*WHAT IS NEEDED:* Verbatim transcription with images omitted: return the entries below in full.

** PROVIDED DATA follows **

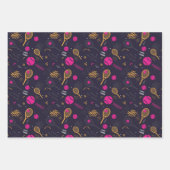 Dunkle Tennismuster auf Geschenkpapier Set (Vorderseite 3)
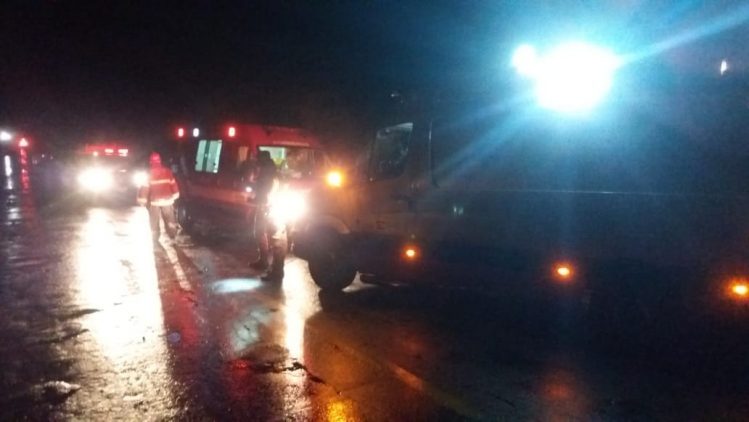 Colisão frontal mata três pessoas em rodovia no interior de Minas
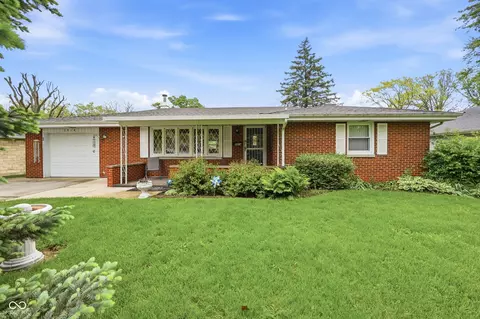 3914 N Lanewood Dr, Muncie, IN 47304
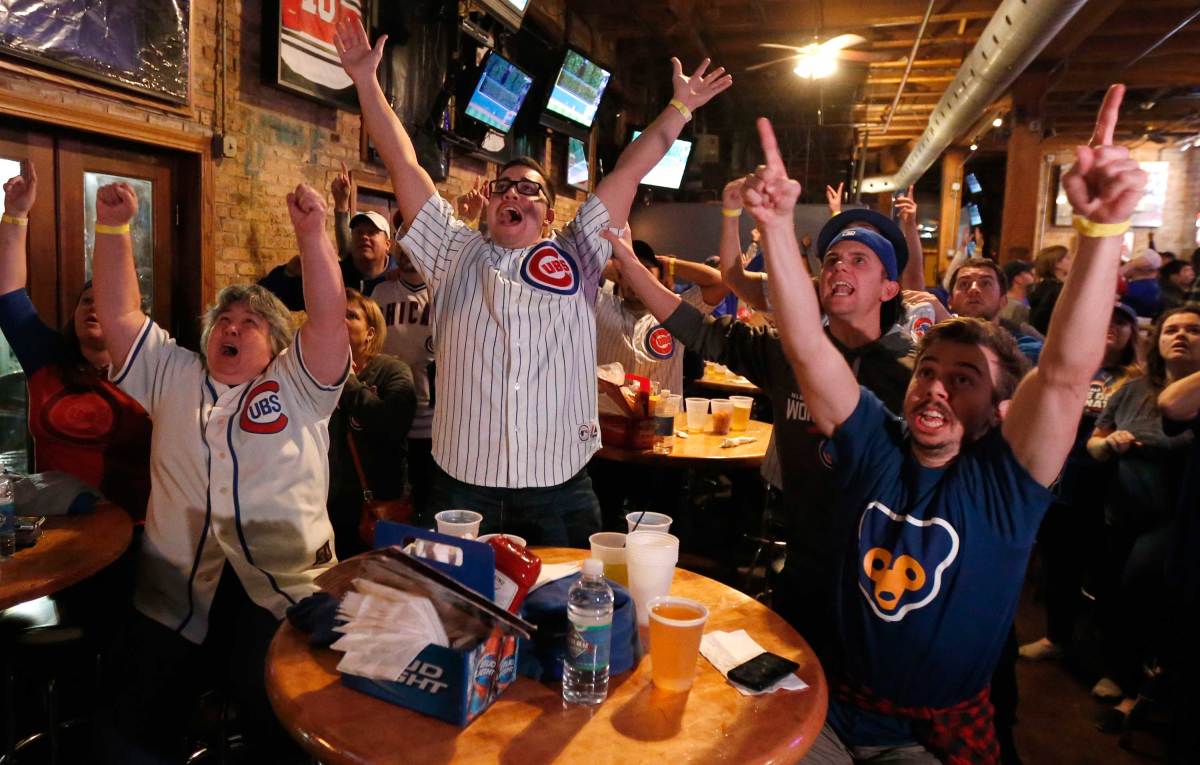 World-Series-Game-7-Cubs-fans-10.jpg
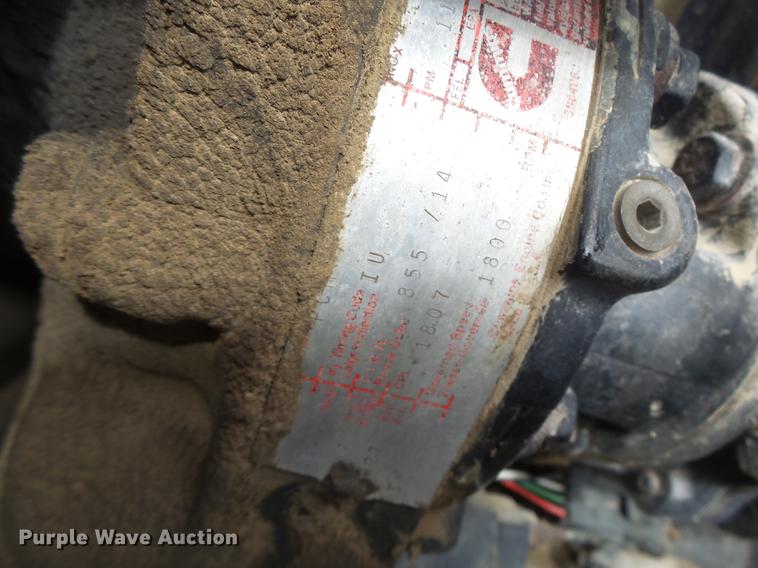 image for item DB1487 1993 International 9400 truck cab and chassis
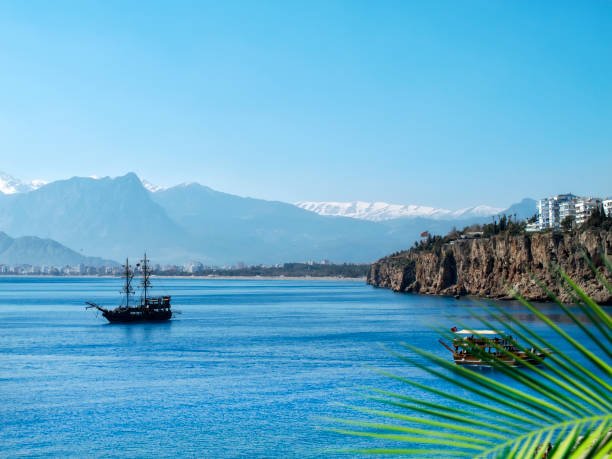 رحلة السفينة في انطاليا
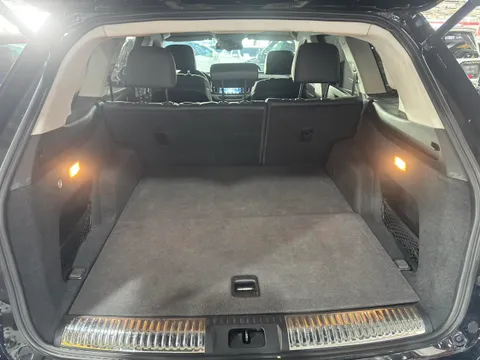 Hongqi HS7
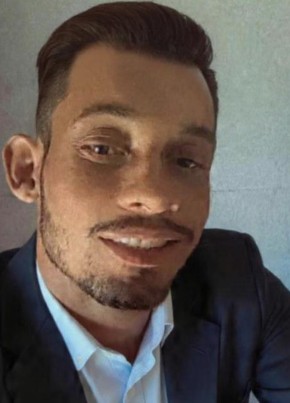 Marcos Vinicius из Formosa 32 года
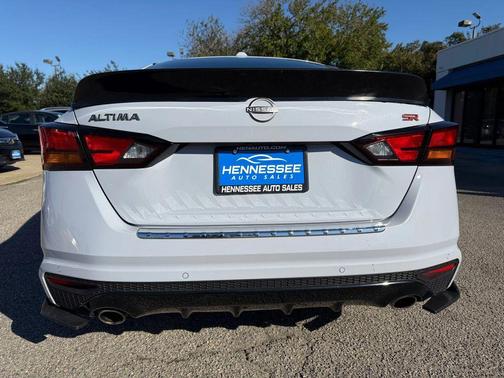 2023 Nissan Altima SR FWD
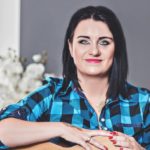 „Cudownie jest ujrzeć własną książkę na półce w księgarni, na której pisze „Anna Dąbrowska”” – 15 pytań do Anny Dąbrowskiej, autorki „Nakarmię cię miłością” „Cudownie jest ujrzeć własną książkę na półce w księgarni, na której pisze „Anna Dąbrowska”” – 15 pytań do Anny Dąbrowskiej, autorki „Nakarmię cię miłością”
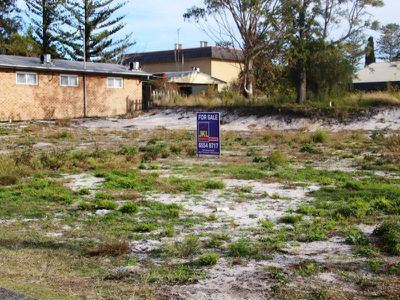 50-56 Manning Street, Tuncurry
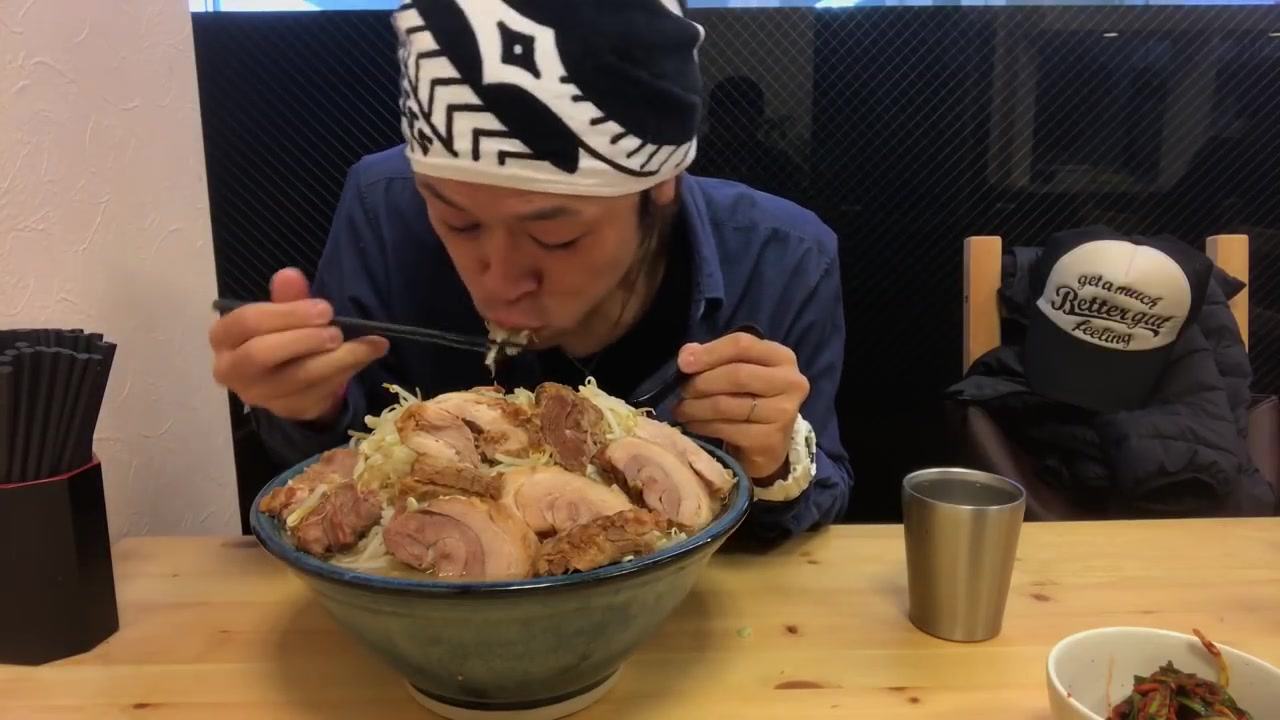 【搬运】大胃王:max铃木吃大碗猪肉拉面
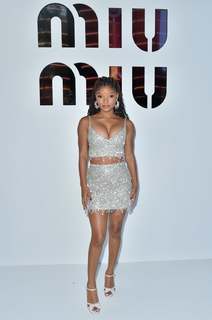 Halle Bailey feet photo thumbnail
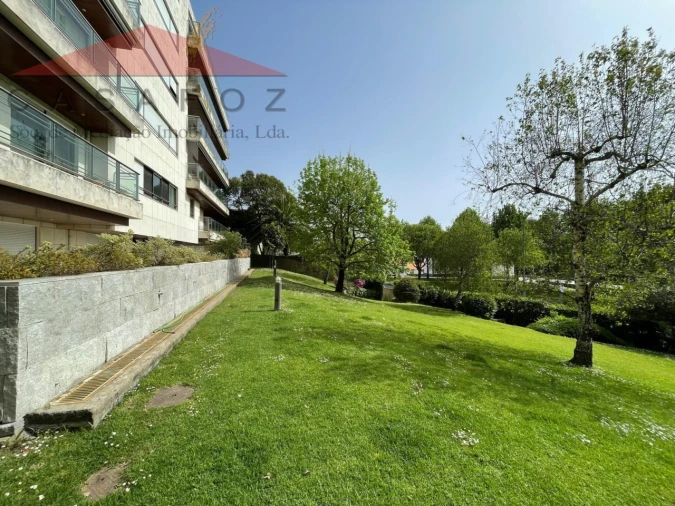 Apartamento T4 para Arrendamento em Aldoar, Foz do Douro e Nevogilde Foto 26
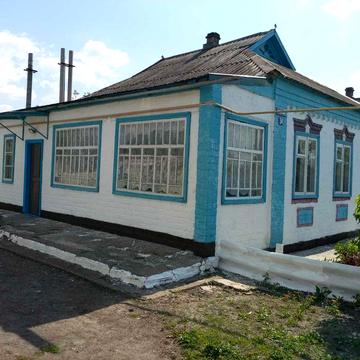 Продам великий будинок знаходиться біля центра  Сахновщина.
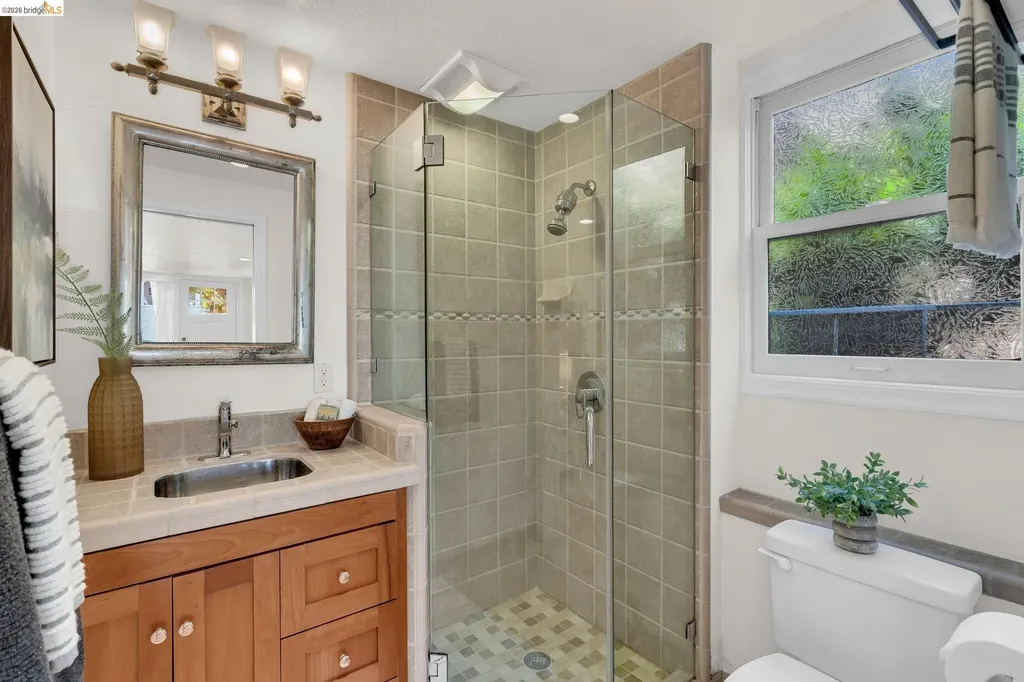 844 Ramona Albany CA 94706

** End of PROVIDED DATA **

*TASK SOLUTION:*
 Dunkle Tennismuster auf Geschenkpapier Set (Vorderseite 3)
 Colisão frontal mata três pessoas em rodovia no interior de Minas
 3914 N Lanewood Dr, Muncie, IN 47304
 World-Series-Game-7-Cubs-fans-10.jpg
 image for item DB1487 1993 International 9400 truck cab and chassis
 رحلة السفينة في انطاليا
 Hongqi HS7
 Marcos Vinicius из Formosa 32 года
 2023 Nissan Altima SR FWD
 „Cudownie jest ujrzeć własną książkę na półce w księgarni, na której pisze „Anna Dąbrowska”” – 15 pytań do Anny Dąbrowskiej, autorki „Nakarmię cię miłością” „Cudownie jest ujrzeć własną książkę na półce w księgarni, na której pisze „Anna Dąbrowska”” – 15 pytań do Anny Dąbrowskiej, autorki „Nakarmię cię miłością”
 50-56 Manning Street, Tuncurry
 【搬运】大胃王:max铃木吃大碗猪肉拉面
 Halle Bailey feet photo thumbnail
 Apartamento T4 para Arrendamento em Aldoar, Foz do Douro e Nevogilde Foto 26
 Продам великий будинок знаходиться біля центра  Сахновщина.
 844 Ramona Albany CA 94706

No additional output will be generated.